TASK INSTRUCTIONS - Every line of the data below should be repeated exactly, and no picture should be copied.

DATASET EXCERPT -
---------------
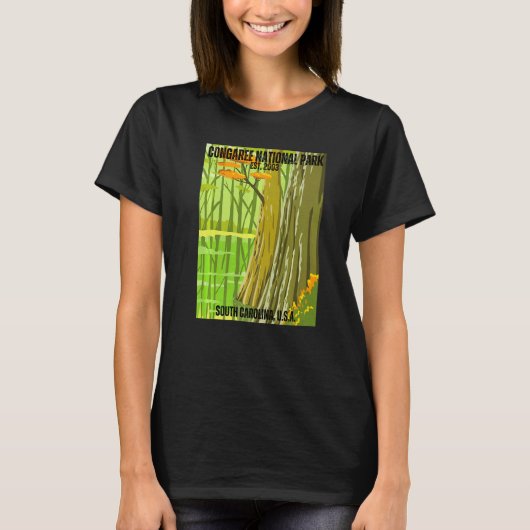 Congaree National Park South Carolina State Souven Tシャツ (正面)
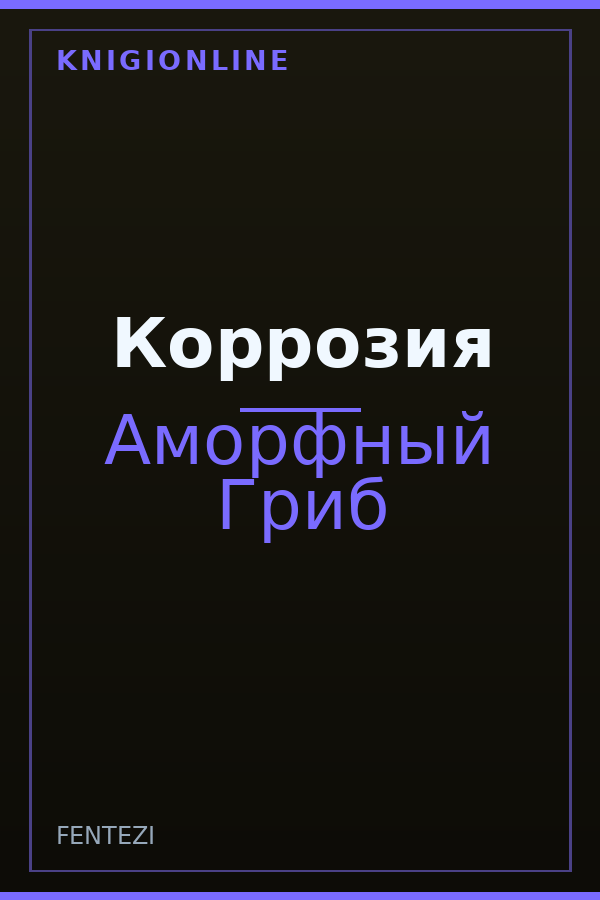 Обложка книги Коррозия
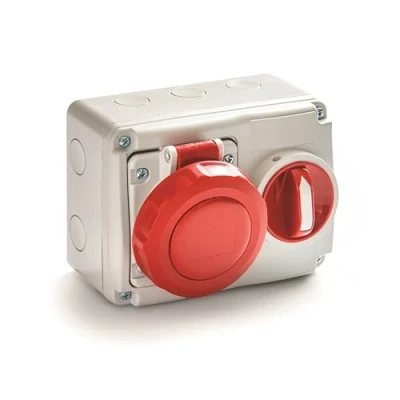 Immagine di ROSI Presa interbloccata, grigio/rosso, 16a 3p+t ip67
---------------
TASK OUTPUT -
 Congaree National Park South Carolina State Souven Tシャツ (正面)
 Обложка книги Коррозия
 Immagine di ROSI Presa interbloccata, grigio/rosso, 16a 3p+t ip67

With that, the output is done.